In short, the downturn in the real economy occurred because regulators refused to take receivership of insolvent institutions, while pushing a story line that the entire global economy would crumble if bondholders had to take losses. This created a fear among depositors and consumers that the entire system was arbitrary and unstable, fueled periodic runs on various financial institutions, tightened the availability of credit to companies having nothing to do with real estate, and created a self-fulfilling prophecy of global economic weakness. Had our policy makers said "depositors and customers will be protected, we will immediately exercise resolution authority over insolvent institutions, and bondholders will not be spared" we could have simply had a "writeoff recession" in paper assets, rather than an implosion of the real economy and an explosion in public debt.

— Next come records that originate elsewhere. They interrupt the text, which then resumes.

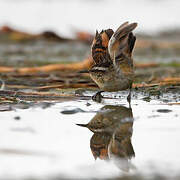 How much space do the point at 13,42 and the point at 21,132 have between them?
10.5m

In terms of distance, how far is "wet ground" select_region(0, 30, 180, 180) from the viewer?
293 cm

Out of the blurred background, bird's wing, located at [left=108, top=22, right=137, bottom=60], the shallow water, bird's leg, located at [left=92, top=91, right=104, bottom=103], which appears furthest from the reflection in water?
the blurred background

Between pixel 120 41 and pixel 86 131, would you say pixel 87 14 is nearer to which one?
pixel 120 41

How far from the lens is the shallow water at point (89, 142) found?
2895mm

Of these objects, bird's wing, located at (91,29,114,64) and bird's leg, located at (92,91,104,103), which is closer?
bird's wing, located at (91,29,114,64)

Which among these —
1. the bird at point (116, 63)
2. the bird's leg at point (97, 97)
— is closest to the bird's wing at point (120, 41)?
the bird at point (116, 63)

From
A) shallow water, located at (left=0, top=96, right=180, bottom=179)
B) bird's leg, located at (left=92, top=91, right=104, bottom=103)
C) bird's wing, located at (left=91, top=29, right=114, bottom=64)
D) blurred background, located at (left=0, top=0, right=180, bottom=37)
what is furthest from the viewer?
blurred background, located at (left=0, top=0, right=180, bottom=37)

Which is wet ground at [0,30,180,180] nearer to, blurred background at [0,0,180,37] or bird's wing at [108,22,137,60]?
bird's wing at [108,22,137,60]

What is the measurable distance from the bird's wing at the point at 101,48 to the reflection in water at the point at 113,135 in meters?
0.63

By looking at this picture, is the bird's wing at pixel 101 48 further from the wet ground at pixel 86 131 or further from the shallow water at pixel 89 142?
the shallow water at pixel 89 142

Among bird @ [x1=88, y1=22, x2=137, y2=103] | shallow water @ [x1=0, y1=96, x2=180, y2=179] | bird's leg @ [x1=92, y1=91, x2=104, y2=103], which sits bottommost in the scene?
shallow water @ [x1=0, y1=96, x2=180, y2=179]

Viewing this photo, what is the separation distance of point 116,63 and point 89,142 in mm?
1817

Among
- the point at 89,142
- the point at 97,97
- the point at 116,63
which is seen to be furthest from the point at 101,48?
the point at 89,142

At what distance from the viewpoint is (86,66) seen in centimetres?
864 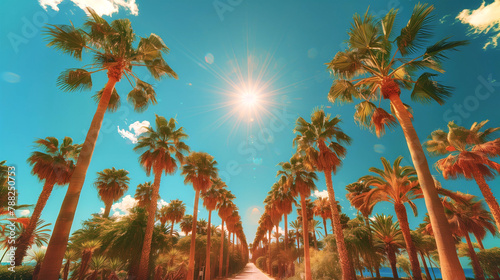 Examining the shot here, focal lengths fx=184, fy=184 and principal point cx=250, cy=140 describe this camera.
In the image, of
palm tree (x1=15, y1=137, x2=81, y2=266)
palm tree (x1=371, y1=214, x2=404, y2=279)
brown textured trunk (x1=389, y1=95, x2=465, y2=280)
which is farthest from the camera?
palm tree (x1=371, y1=214, x2=404, y2=279)

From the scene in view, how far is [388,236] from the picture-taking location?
19328 millimetres

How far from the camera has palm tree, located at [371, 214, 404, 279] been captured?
1898 cm

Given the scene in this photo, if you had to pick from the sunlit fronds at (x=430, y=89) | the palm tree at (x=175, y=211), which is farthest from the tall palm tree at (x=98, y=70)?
the palm tree at (x=175, y=211)

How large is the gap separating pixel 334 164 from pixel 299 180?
600 centimetres

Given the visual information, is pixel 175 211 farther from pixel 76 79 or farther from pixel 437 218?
pixel 437 218

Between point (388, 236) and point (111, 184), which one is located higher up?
point (111, 184)

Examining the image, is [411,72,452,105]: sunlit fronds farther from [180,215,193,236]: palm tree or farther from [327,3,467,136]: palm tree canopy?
[180,215,193,236]: palm tree

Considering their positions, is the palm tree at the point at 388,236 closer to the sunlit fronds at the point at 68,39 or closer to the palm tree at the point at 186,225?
the sunlit fronds at the point at 68,39

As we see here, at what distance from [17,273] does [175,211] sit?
76.4 ft

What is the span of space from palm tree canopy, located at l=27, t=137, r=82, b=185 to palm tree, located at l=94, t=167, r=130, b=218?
6662 millimetres

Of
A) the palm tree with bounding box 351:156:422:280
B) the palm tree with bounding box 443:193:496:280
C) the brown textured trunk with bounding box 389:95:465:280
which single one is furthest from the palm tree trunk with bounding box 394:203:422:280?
the palm tree with bounding box 443:193:496:280

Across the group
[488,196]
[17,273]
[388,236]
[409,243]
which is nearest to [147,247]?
[17,273]

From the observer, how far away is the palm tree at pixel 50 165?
1493cm

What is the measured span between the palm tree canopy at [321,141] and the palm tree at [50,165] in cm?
2052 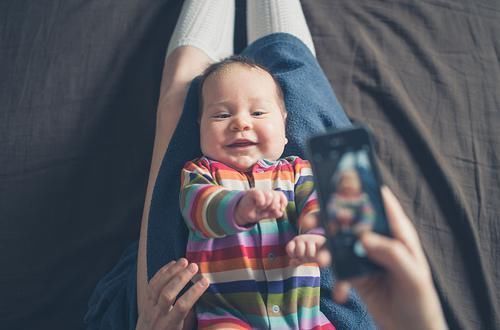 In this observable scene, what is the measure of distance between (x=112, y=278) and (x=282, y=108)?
47cm

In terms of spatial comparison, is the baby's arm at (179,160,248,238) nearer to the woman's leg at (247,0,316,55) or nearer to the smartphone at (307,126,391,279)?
the smartphone at (307,126,391,279)

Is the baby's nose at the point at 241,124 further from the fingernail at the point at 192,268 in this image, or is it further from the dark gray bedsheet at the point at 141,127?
the dark gray bedsheet at the point at 141,127

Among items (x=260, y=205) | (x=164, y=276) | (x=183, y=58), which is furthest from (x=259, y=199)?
(x=183, y=58)

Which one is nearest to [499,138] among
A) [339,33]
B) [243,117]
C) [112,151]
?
[339,33]

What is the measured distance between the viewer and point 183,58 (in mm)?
1019

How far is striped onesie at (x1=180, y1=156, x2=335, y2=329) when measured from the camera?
726mm

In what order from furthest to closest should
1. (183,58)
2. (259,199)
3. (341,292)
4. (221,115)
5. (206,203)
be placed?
(183,58) < (221,115) < (206,203) < (259,199) < (341,292)

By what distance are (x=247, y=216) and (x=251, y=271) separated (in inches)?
5.6

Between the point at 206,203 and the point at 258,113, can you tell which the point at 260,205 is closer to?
the point at 206,203

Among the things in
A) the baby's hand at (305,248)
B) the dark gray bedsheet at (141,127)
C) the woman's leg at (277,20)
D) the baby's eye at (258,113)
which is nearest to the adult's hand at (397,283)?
the baby's hand at (305,248)

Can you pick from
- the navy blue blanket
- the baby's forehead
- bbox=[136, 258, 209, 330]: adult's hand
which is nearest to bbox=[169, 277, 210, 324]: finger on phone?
bbox=[136, 258, 209, 330]: adult's hand

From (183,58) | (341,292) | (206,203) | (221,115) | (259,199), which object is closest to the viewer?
(341,292)

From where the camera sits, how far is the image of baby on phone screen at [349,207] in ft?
1.67

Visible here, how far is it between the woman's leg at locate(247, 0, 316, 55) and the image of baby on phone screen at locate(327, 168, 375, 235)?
611 mm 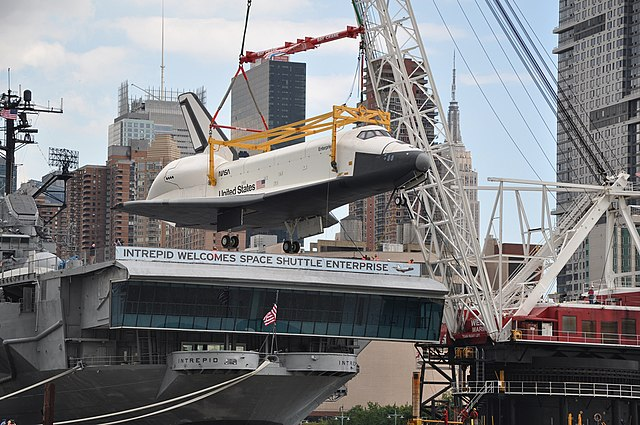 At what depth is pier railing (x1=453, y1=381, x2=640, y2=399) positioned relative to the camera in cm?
9181

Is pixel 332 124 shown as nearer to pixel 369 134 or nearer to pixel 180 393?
pixel 369 134

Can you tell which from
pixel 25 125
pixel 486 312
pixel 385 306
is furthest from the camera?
pixel 25 125

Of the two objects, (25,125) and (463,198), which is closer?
(463,198)

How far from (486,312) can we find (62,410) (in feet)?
106

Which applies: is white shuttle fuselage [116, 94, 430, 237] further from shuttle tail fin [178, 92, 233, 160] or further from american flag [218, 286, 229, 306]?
american flag [218, 286, 229, 306]

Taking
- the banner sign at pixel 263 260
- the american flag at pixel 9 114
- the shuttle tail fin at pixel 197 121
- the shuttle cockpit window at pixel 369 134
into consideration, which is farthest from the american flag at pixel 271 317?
the american flag at pixel 9 114

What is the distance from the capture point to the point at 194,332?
254 ft

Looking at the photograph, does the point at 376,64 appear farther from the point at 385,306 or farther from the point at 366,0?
the point at 385,306

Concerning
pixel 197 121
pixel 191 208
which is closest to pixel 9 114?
pixel 197 121

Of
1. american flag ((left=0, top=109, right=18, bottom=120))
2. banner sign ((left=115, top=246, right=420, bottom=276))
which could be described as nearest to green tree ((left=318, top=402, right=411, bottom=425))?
american flag ((left=0, top=109, right=18, bottom=120))

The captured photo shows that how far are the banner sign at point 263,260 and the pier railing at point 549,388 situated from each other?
14.5 metres

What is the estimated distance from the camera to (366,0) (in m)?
95.9

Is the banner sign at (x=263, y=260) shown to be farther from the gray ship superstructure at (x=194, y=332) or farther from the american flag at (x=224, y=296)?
the american flag at (x=224, y=296)

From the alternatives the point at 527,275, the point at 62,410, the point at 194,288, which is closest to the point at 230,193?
the point at 194,288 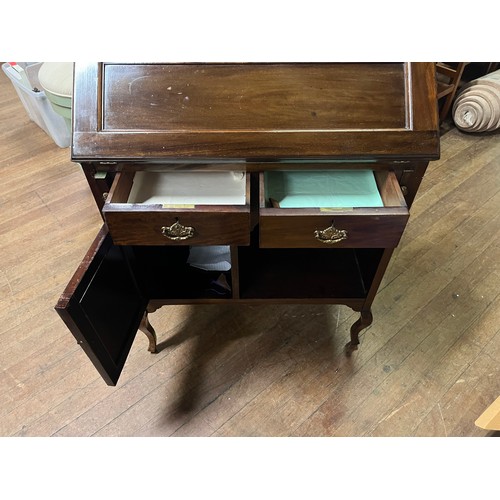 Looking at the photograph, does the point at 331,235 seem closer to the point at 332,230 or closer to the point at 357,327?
the point at 332,230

The facts simply do not support the idea that taking receivership of insolvent financials leads to economic distress. Rather, it properly rests losses on the bondholders, and preserves the operation of the financial system by bolstering its solvency. One might argue that we could not possibly let bondholders take the trillions of dollars of losses that would have been required in order to restructure debt and get the bad obligations off the books. This is absurd. A 20% stock market decline wipes out about $3 trillion in market value. Indeed, given the size and average maturity of the U.S. bond market, just the increase in interest rates that we've observed over the past 6 weeks has knocked off trillions in market value.
The financial markets are perfectly capable of taking losses. They don't do well with disorganized piecemeal liquidation - where perfectly good loans are called in and countless positions have to be unwound - but that isn't required if your regulatory structure allows receivership/conservatorship that can cut away and gradually transfer the operating portion of an institution. What the global economy is not capable of taking is the uncertainty that results when policy makers apply arbitrary rules, leaving all other decision makers in the economy frozen at the edge of their seats to discover what the results of those arbitrary decisions will be. We have learned the wrong lesson, and we continue to pay for it.
5) The U.S. economy is recovering, but that recovery is vulnerable to even modest shocks.
As I noted a couple of weeks ago, in the ideal case where the economy grows continuously without further credit strains, the "mean-reversion benchmark" scenario would be for GDP growth to approach an average rate of 3.8% annually for about 4 years, followed by about 2.3% annual growth thereafter. The corresponding mean-reversion benchmark for employment growth would be an average of about 200,000 new jobs per month on a sustained basis.